Spend at least an hour a day in the “creativity room”. While a month of binge-watching whatever Netflix keeps trying to get me to watch while scrolling through a rotation of social media apps sounds great, I would really like to make better use of my time even if I’m not sure yet what it is I want to do or accomplish. I’m not putting too much pressure on myself for output I know that nothing good—nothing at all—will come from spending my days on the couch. I have to get up, get ready, and get to a place where I can find the work I want to do.

Update: I tried to stay motivated and productive, but I underestimated how much staying at home all day every day would affect me. There were many days when I hardly left the couch, hardly ate, and hardly took care of myself. So, I did get in the “creativity room” for a little while there were many more days where I simply couldn’t fight my way out of anxiety or melancholy to make any progress. It’s surprising how much it turns out that I need other people to cheer and focus me.
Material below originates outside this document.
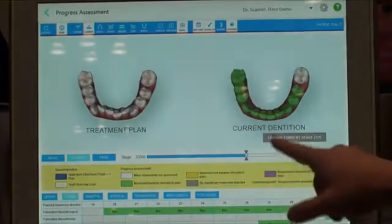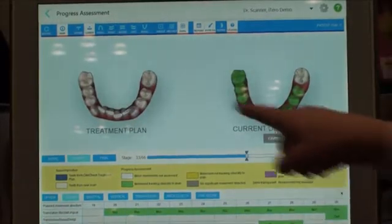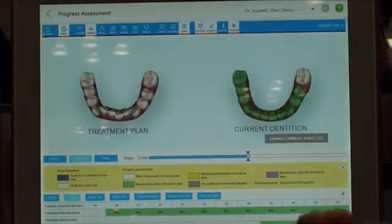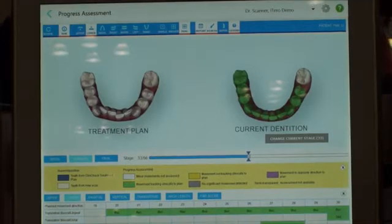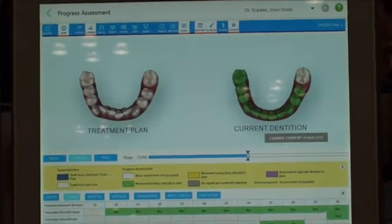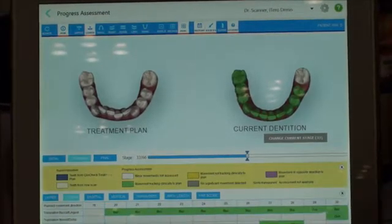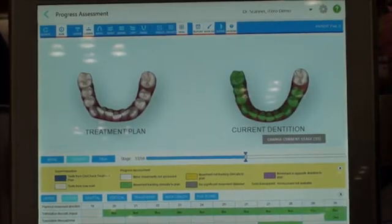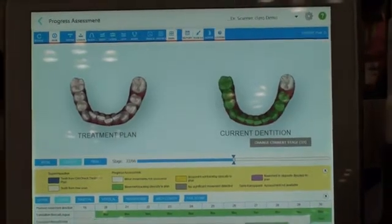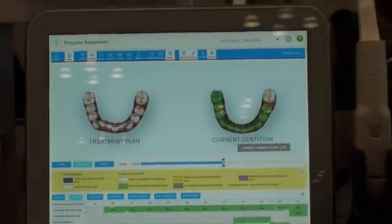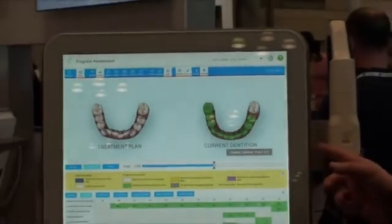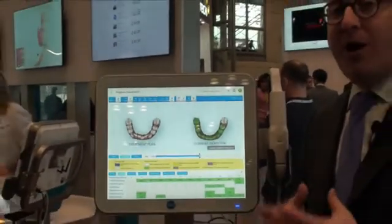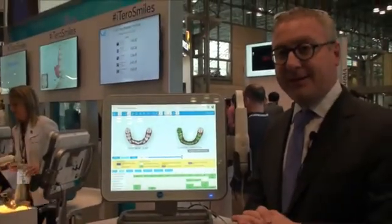Here we have the lower arch at stage 33 — it's perfect, exactly where we want to be. So now every dentist knows exactly where they are at every single step along the way with Invisalign. Even if you're not orthodontically trained, if you're using the Invisalign system in combination with the iTero Element, it will tell you where you are every step of the way in the case.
 Set alarms for daily activities. I didn’t realize how much of my days were decided by my day job. I didn’t realize that all my prompt, my cravings, my wants, needs, and thoughts were all decided around the hours I worked. Now that I have no hours I can’t for the life of me remember what I am supposed to do and when. I used to have alarms on my phone for things like meals, medicine, even water and walking breaks because I would get so caught up in what I was doing. I think it’s time I go back to that.

Update: The alarms have been set to remind me to wake, to take medication, and to go to sleep. I’d like to add more, to utilize reminders for other regular chores and to-do items, and to start setting timers to help me move through reading, writing, and cleaning, to remind me to work through one task at a time, and to keep track of what tasks are next. Habits are hard to establish, and there is no shame in seeking help.

 Complete one small house project. The laundry room is in desperate need of a deep clean. The basement storage area needs purging. The water heater needs to be drained for the season, and the roof over the back deck needs repairs. Those are just a few off the top of my head projects I could do around the house to pass the time, keep my mind occupied, and achieve a feeling of accomplishment and usefulness. More than writing, or reading, or finishing a course, this would be the best use of my time stuck at home.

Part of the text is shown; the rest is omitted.